Description of the task »
In the data below, one line contains "When you plug" and a later one contains "I just enjoy". Print both, with every line between them, exactly and alone.

Source material »
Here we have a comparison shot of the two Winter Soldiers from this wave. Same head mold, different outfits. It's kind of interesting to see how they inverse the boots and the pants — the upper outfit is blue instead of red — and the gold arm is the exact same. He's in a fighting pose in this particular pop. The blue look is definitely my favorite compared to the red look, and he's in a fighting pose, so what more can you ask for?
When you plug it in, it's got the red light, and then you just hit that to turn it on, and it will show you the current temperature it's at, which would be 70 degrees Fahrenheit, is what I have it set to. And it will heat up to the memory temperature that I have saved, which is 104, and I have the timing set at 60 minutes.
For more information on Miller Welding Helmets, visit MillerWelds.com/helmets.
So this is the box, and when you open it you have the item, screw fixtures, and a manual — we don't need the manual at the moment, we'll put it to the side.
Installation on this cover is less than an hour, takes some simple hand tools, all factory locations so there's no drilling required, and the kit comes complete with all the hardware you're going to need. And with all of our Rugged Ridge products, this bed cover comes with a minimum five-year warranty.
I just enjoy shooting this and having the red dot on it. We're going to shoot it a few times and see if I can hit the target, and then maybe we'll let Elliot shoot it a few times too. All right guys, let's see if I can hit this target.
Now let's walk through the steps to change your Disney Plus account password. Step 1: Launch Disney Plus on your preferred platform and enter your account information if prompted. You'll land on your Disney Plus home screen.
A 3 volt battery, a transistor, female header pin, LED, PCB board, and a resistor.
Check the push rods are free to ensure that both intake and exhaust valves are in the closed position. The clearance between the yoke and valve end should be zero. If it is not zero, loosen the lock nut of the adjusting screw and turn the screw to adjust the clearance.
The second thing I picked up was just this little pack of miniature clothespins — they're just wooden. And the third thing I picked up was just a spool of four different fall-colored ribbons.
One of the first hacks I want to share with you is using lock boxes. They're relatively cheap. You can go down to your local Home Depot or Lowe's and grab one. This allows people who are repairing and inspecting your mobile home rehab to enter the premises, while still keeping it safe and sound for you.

Answer to this problem »
When you plug it in, it's got the red light, and then you just hit that to turn it on, and it will show you the current temperature it's at, which would be 70 degrees Fahrenheit, is what I have it set to. And it will heat up to the memory temperature that I have saved, which is 104, and I have the timing set at 60 minutes.
For more information on Miller Welding Helmets, visit MillerWelds.com/helmets.
So this is the box, and when you open it you have the item, screw fixtures, and a manual — we don't need the manual at the moment, we'll put it to the side.
Installation on this cover is less than an hour, takes some simple hand tools, all factory locations so there's no drilling required, and the kit comes complete with all the hardware you're going to need. And with all of our Rugged Ridge products, this bed cover comes with a minimum five-year warranty.
I just enjoy shooting this and having the red dot on it. We're going to shoot it a few times and see if I can hit the target, and then maybe we'll let Elliot shoot it a few times too. All right guys, let's see if I can hit this target.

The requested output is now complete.